Turner was born at Blackwater Farm, near St. Albans, on 1 March 1710. He kept a boarding-school at Hemel Hempstead. His pupils there included William Kenrick and Hugh Smith.[1] At the same time he made a reputation as an occasional preacher in Baptist chapels. In 1741 he was chosen pastor of the Baptist church in Reading, Berkshire. He moved in 1748 to Abingdon, and held the pastorate there until his death on 5 September 1798. He was buried in the Baptist cemetery at Abingdon.[2]
One of Turner's best known hymns is "Jesus, full of all compassion", which appeared in the Bristol Baptist Collection, 1769. Another, "Beyond the glittering starry skies", was published by his brother-in-law James Fanch, Baptist minister of Romsey, in The Gospel Magazine, June 1776. Turner expanded it by twenty-one stanzas, and included it in his Poems (1794). Besides pamphlets and sermons, he published:[2]

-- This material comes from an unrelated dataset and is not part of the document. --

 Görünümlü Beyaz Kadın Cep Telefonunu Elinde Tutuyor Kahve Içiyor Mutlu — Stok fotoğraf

An Introduction to Psalmody, 1737.
An Abstract of English Grammar and Rhetoric, London, 1739.
Divine Songs, Hymns, and other Poems, Reading, 1747.

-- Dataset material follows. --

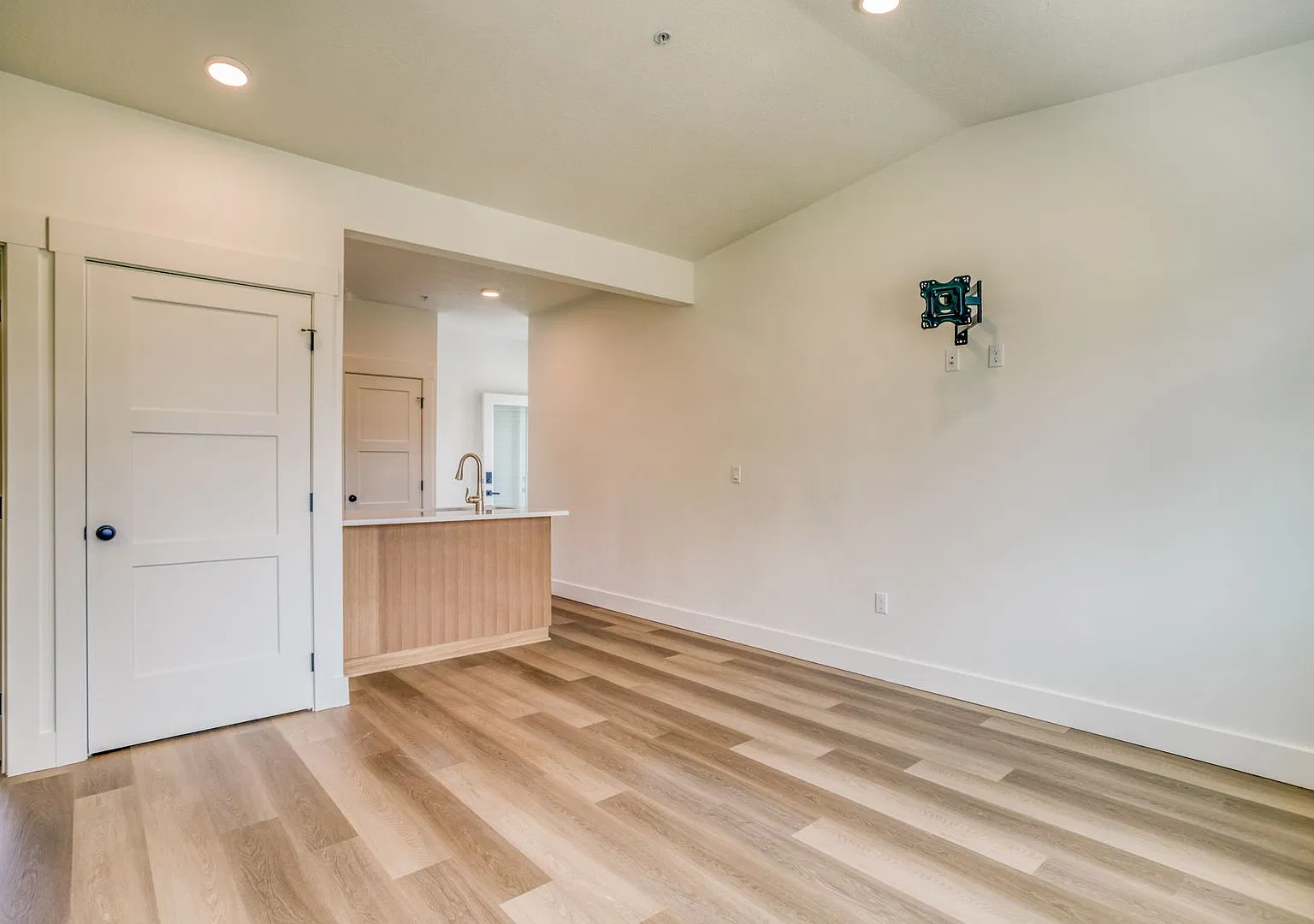 Luxury Apartment in Lincoln City! — Photo 4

A Compendium of Social Religion, 1758; 2nd edit. Bristol, 1778.
Letters Religious and Moral, London, 1766; 2nd edit., Henley, 1793.
Short Meditations on Select Portions of Scripture, Abingdon, 1771; 3rd edit. 1803.

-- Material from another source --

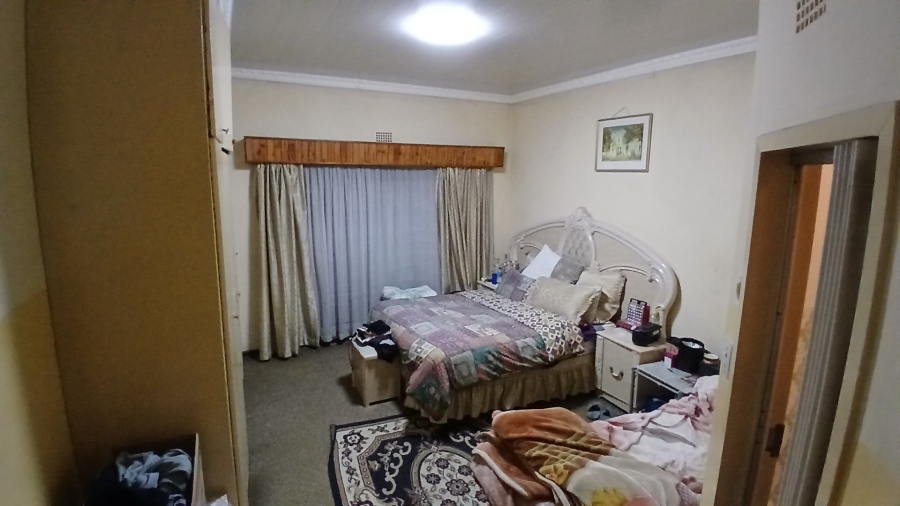 4 Bedroom Property for Sale in Lombardy West Gauteng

Devotional Poetry vindicated against Dr. Johnson, Oxford, 1785.
Essays on Important Subjects, Oxford, 1787.
Poems Devotional and Moral, privately printed, 1794.
Common Sense, or the Plain Man's Answer to the Question, Whether Christianity be a Religion worthy of our choice?, 1797.
Family
Turner was twice married: first, to Anne Fanch, by whom he had two sons, who both predeceased him; secondly, to Mrs. Lucas, a widow, of Reading, by whom he had no issue.[2][3]